Abit on the other hand has found a way to add ATA/66
support to their motherboards, thanks to the HPT-366 Ultra DME Controller chip
from HighPoint Technologies. This chip brings ATA/66 support to the motherboard
without having to wait for Intel's Camino chipset or having to use a PCI
adapter.
Normal ATA/33 support is also on the board, bringing
support for up to 8 IDE devices on your system at once! Now you can have a
multitude of IDE devices with 4 or 5 hard drives, DVD Drive, CD-ROM and backup.
Just make sure you get a bigger case with a large power supply, because you are
going to need it. While all this sounds really neat, I don't know if it will
work however. The IRQ assigning must get crazy!
ATA-66 and UDMA66 sound fast, however you are not going to
get a 100% increase like the letter suggest.

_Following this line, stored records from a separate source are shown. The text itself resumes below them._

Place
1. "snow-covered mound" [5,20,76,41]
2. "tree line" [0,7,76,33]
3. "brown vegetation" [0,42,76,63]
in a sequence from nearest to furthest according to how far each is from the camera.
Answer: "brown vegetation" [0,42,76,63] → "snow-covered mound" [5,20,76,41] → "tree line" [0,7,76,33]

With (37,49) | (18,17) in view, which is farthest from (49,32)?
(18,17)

Instead you are given burst support
of 66MHz, provided the hard drive can send that level of data bandwidth to the
chip. Under testing with the 22GXP from IBM (7200 RPM 22GB drive) I was seeing
only about 15% increase performance on the average.
One advantage that ATA/66 is sure to have for systems
running NT is the fact that you can support for bandwidth when you need to. This
should make the BE6 work great as a server with only IDE hard drives, since a
large quantity of other computers could ask for data.
Performace
In a word, the performance is great. This is one of the
most stable motherboard I've ever used. In fact it may be the most stable
motherboard on the market today.
How does a Celeron 366 running at 605Mhz with default
voltage sound? The Abit BE6 was even able to work with the Celeron running at
616Mhz, not 100% stable but it runs. By comparison, the same Celeron would lock
up as it's about to log onto Windows on the BX6.
Comparing the BE6 to Asus's new P3B shows that the Abit is
more stable. The P3B was also able to run the Celeron 366 at 605Mhz, but it
needed 2.2V to get it stable. The P3B was totally unstable at 616Mhz, crashing
within a few minutes of loading.
Abit did a great job on this motherboard. In the pass when
you think of overclocker's motherboard, you think Abit. When you think of super
stable motherboard, you think Asus. Not anymore.